Je parcours les océans depuis 33 ans. J’ai grandi au Canada, dans la région des Grands Lacs, qui forme une sorte de mer intérieure d’eau douce. Dans l’imaginaire des enfants de mon village, l’océan était une étendue lointaine et infinie, peuplée de créatures fascinantes qu’on ne pouvait voir que dans les livres ou dans les films du commandant Cousteau. Pour nous, l’océan était si immense et majestueux qu’il était indestructible. Il était impossible que les activités humaines puissent gripper cette formidable machine de vie.
Par la suite, je suis devenu marin. Loin des Grands lacs, j’ai navigué sur tous les océans de la Terre. Sans prévenir, ces espaces immenses et lointains sont devenus ma maison. Mes poumons se sont habitués à l’air du large et mes yeux à l’infinité de l’horizon. Puis, comme lors d’un premier chagrin d’amour, j’ai eu le cœur brisé.

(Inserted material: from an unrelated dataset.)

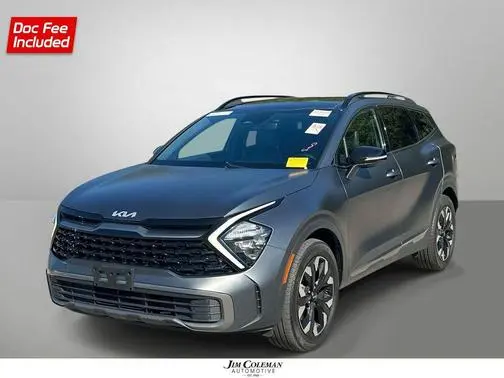 2023 Kia Sportage X-Line AWD photo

J’ai vu des navires usines se délester de leurs déchets en pleine mer, des chalutiers raser les fonds marins, des flottes de pêche piller la vie des océans. J’ai entendu le bruit assourdissant des tests sismiques recouvrir celui des vagues, pour servir les profits de l’industrie pétrolière. J’ai vu que la cupidité pouvait être plus abrasive que le sel de la mer. Les océans de mes rêves d’autrefois tournaient au cauchemar, et les documentaires de Cousteau au film d’horreur.
C’est pourquoi j’ai consacré ma vie à la protection des océans, si immenses et en définitive si fragiles, risquant même de passer plusieurs années dans les prisons russes après avoir protesté contre les forages pétroliers en Arctique.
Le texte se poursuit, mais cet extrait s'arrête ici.